Efeitos do Conflito

Como a Guerra na Ucrânia aposentou o atacante brasileiro Júnior Moraes

Ex-jogador de 37 anos pretende agenciar a carreira de atletas

Junior Moraes pelo Shakhtar Donetsk, da Ucrânia. Foto: Divulgação/Shakhtar Donetsk

A hora de pendurar as chuteiras chega para todos. Pode ser por uma lesão grave, pelo físico cansado após anos de dedicação ou simplesmente pela idade avançada para o alto rendimento. Um trauma de guerra não costuma aparecer entre os motivos para a aposentadoria de jogadores de futebol. Mas esse foi o caso do atacante brasileiro Júnior Moraes, de 37 anos, que carrega na alma e no corpo as marcas deixadas pelo conflito na Ucrânia, invadida pelos russos em fevereiro de 2022. Sem alarde, ele abandonou os gramados ao perceber que os músculos, apesar de fortes, não respondiam tão bem à mente abalada. Há alguns meses, decidiu se dedicar à família, à ajuda humanitária e ao desenvolvimento pessoal de atuais e futuros jogadores.

Quase dois anos após a invasão do território ucraniano, Moraes continua a conviver com a angústia de não saber o destino de alguns conhecidos. O ex-jogador viveu por 10 anos no país, onde se tornou um dos grandes nomes do Shakhtar Donetsk. Seus dois filhos, Lucas, de 9 anos, e Julia, de 7, têm fortes laços por lá. O sentimento de desamparo também atinge as crianças, que não conseguem elaborar um mundo em guerra.

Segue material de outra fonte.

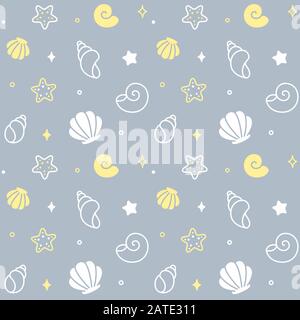 Cartone animato barboncino senza cuciture modello. Conchiglie di mare disegnate a mano, vacanza estiva sulla spiaggia. Illustrazione dello sfondo del vettore. Illustrazione Vettoriale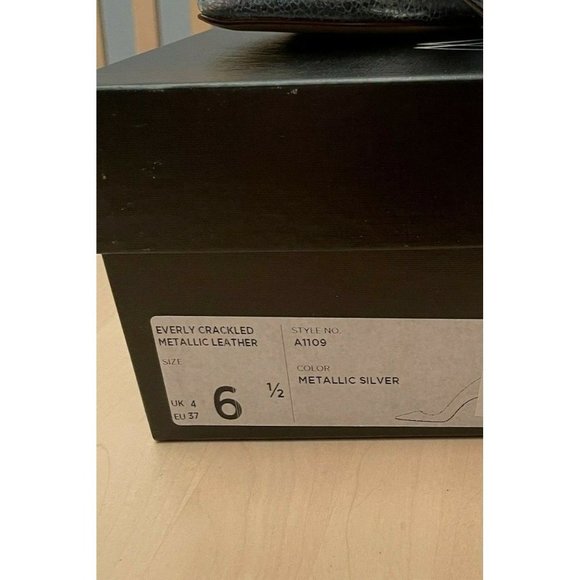 J Crew Everly Crackled Metallic Leather Pumps Size 6.5 Silver Made In Italy - Picture 7 of 7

“Fui obrigado a sair do país ao qual estava adaptado. Um impacto grande para minha família, para meus filhos, que começaram a ter questões de comportamento na escola. Se fosse uma simples mudança de país… O problema é responder ao meu filho quando ele me questiona onde será que está o amiguinho da escola. “Será que está vivo? Você não tem contato com ele? Como eu faço para saber dele? Será que morreu?”. Não é fácil”, conta Moraes, que saiu do Brasil aos 19 anos para jogar na Romênia. “Estamos acostumados a mudanças, é a vida do jogador. Mas essa veio com o trauma da guerra. Minha vida mudou completamente, e eles foram afetados”, disse.

Febres e alergias sem explicação
Junto a outros jogadores brasileiros, Moraes pôde sair do país tão logo começou o conflito. A Fifa permitiu que atletas estrangeiros suspendessem unilateralmente seus contratos com clubes ucranianos e russos. Revelado pelo Santos, ele retornou ao país para o Corinthians, em 2022. Foram 21 jogos, um gol e uma rescisão após um ano e meio — e a descoberta da depressão.

Até Moraes dar voz a tudo isso, foi seu corpo que “gritou” por socorro: inúmeras febres sem explicação; episódios de alergia que inchavam seu rosto e seus joelhos, impedindo-o de treinar e jogar partidas importantes — como a final da Copa do Brasil; e muitos analgésicos e corticoides para mascarar as dores física e psíquica.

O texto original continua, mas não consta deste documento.